** EXERCISE MATERIALS follows **

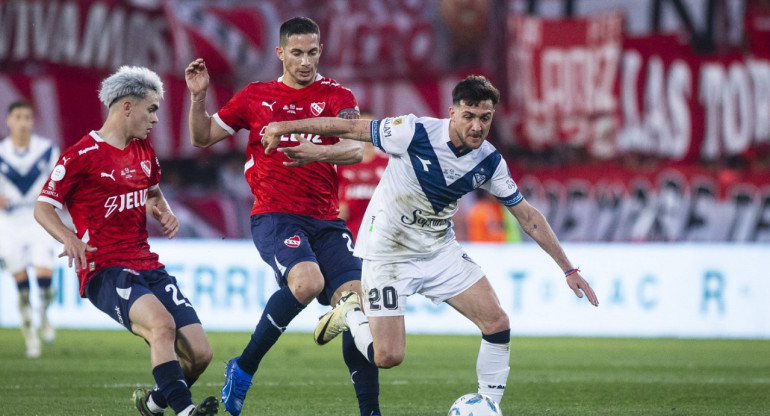 Vélez vs Independiente; Copa Argentina. Foto: X @Velez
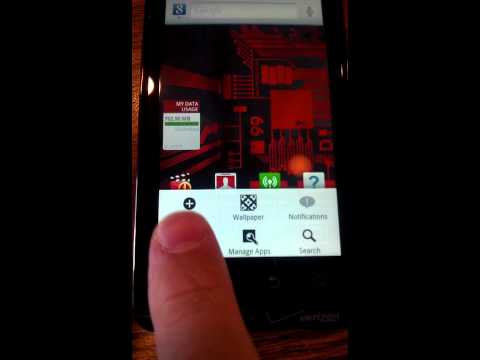 how to turn off data on droid x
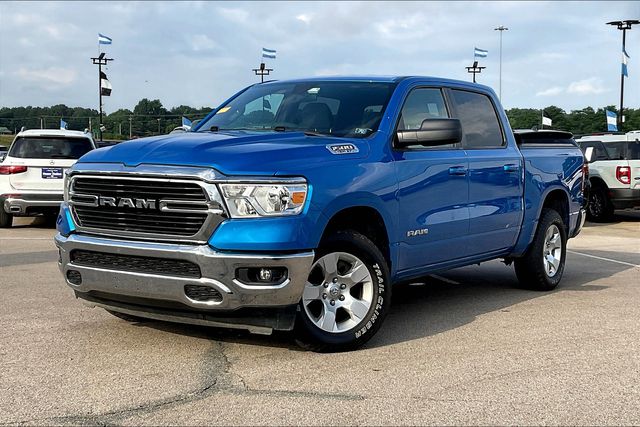 Used 2021 RAM Ram 1500 Pickup Big Horn/Lone Star with VIN 1C6SRFFT4MN564110 for sale in Olive Branch, MS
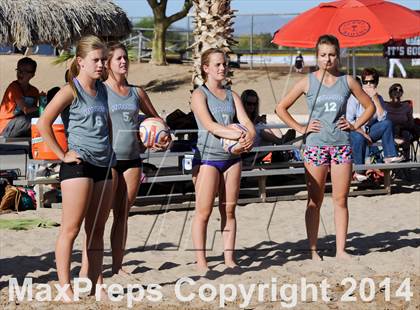 Thumbnail 2 in Phoenix Christian @  Willow Canyon (AIA D1 Playoff) photogallery.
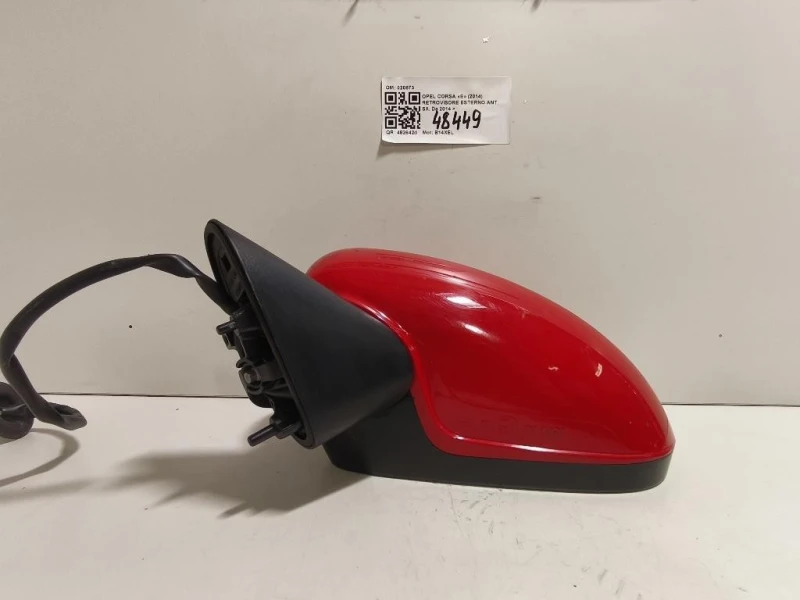 Retrovisore Esterno ANT SX VETRO SPECCHIO SPECCHIETTO Opel Corsa E 2014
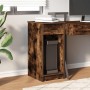 Torre de ordenador con cajón roble ahumado 35x45x77 cm von , Schreibtische - Ref: Foro24-858744, Preis: 61,35 €, Rabatt: %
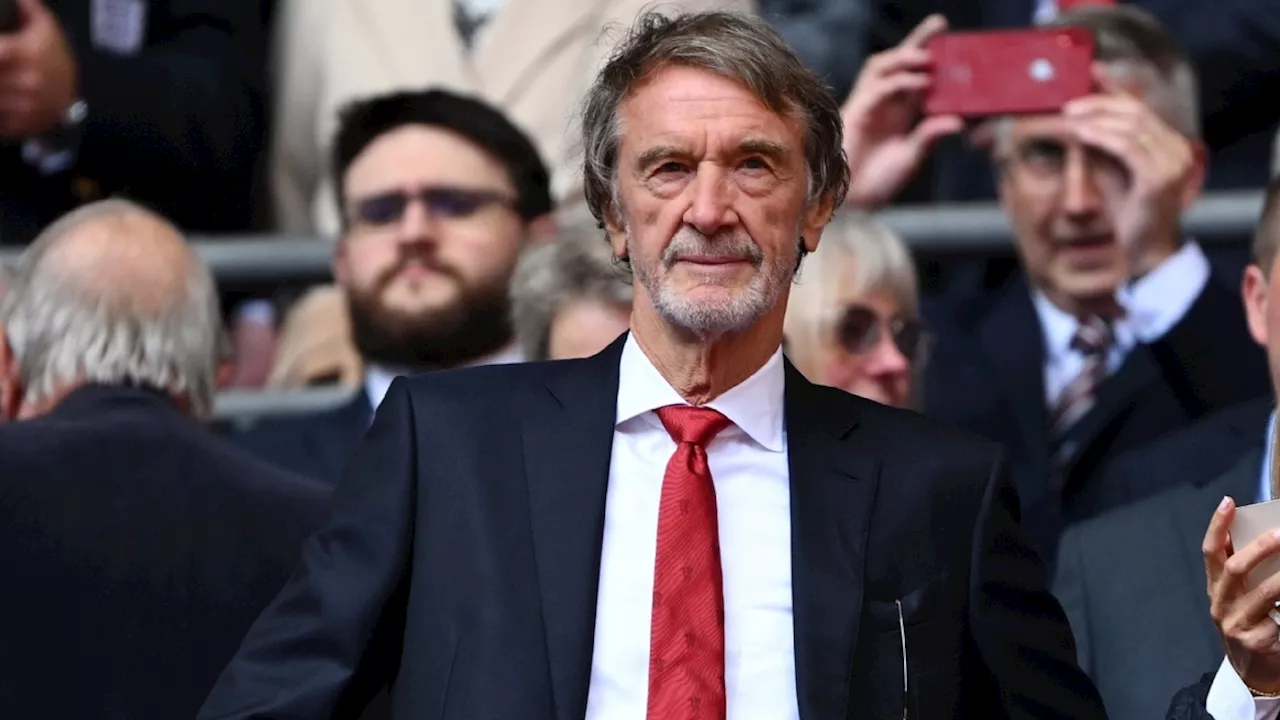 Sir Jim Ratcliffe, mede-eigenaar van Manchester United, wil OGC Nice om twee redenen verkopen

** End of EXERCISE MATERIALS **

Starting at the first line of the material above and ending with the line that contains "Used 2021 RAM", reproduce every line exactly, and leave out the pictures.

• **RESULT FOR THIS EXERCISE**:
 Vélez vs Independiente; Copa Argentina. Foto: X @Velez
 how to turn off data on droid x
 Used 2021 RAM Ram 1500 Pickup Big Horn/Lone Star with VIN 1C6SRFFT4MN564110 for sale in Olive Branch, MS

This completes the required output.